CLEO Diagnostics lead medical advisor Professor Tom Jobling said this new test will help ensure that an optimal management plan can be put in place early, which will streamline the referral process and provide the best care for patients.

“This also extends to patients with benign conditions, where early identification will permit direction to more appropriate use of resources,” he said.

The blood test is now being commercialised by ASX-bound Australian company Cleo Diagnostics Ltd, and HIMR chief executive Professor Elizabeth Hartland said Hudson Institute is delighted to be partnering with Cleo Diagnostics to take work on ovarian cancer one step closer to delivering a much-needed diagnostic test.

Ms Mckenry said a diagnostic test would be brilliant.

“The prevention of unnecessary risk management surgery is amazing,” she said

“Going through that change early in life is hard… yes you’re removing the risk but to have this choice through this blood test, it’s a major breakthrough.

“If this was available to us earlier, I wouldn’t have had to go through two years of trying to come to terms with the reality of taking away my body parts, it’s an emotional rollercoaster.”

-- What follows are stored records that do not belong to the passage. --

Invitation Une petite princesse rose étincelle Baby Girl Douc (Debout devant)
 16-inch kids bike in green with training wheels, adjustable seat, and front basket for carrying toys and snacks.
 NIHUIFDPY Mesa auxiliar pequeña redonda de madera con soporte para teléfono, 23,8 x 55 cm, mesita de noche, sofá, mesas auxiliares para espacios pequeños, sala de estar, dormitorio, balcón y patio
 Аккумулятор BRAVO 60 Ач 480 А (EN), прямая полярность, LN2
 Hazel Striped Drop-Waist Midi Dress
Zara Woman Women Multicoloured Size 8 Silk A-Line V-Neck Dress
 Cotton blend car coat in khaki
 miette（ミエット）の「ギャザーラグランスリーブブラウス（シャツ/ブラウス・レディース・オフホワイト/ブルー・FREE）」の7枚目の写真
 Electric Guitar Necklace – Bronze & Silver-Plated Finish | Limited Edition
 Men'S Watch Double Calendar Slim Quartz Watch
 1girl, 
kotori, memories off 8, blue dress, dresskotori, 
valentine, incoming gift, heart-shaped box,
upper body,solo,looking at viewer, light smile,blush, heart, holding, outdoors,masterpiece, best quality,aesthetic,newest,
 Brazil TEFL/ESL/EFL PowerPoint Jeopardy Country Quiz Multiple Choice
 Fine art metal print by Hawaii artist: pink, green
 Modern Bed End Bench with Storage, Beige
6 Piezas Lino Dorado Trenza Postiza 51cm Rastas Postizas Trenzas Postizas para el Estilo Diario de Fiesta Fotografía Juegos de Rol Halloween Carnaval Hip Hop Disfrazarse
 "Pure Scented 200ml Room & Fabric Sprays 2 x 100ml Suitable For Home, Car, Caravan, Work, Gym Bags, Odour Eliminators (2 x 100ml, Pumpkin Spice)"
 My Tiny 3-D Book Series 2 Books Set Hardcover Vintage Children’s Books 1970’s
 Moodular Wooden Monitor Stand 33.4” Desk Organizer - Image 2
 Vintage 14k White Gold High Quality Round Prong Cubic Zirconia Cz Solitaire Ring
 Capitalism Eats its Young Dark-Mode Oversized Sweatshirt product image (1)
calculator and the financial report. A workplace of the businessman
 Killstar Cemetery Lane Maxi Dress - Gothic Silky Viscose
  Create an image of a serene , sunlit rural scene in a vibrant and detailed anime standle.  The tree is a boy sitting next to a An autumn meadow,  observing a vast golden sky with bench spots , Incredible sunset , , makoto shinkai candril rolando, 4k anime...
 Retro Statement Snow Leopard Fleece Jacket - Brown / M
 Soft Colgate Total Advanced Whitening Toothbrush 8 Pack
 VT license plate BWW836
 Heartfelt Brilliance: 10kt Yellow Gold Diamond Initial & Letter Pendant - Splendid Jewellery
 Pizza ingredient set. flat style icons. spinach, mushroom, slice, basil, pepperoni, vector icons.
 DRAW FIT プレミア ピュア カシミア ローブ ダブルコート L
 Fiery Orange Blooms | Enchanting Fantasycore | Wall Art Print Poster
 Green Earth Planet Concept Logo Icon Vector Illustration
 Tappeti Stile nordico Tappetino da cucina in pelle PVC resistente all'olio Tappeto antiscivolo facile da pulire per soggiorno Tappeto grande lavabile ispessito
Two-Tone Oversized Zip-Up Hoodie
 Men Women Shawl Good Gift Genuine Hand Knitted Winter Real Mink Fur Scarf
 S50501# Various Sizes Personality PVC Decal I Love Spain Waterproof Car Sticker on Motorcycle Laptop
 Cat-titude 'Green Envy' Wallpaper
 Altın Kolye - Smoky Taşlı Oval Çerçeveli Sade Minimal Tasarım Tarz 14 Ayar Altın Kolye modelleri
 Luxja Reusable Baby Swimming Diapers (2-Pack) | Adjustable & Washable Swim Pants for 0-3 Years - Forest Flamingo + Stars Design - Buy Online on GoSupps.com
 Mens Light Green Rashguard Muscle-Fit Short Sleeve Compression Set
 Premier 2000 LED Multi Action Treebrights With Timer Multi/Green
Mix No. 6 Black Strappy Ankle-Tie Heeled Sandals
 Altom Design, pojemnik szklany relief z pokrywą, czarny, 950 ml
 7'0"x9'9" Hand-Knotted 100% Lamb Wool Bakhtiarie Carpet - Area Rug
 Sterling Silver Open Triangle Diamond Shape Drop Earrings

Ms McKenry said the test has the potential to be important for her children when they grow older.

“Our children legally can’t test for this gene until they’re of age… For them, I hope that this gene won’t change their life,” she said.

“I hope they will live a long and prosperous life, life is filled with worries but that shouldn’t be one of them.

“The world of BRCA2 is changing, people, the government, and the health system are becoming more aware. I hope that by the time [they’re older they’ll have] tests like this blood test, and I hope they will have something like this for breast cancer as well.”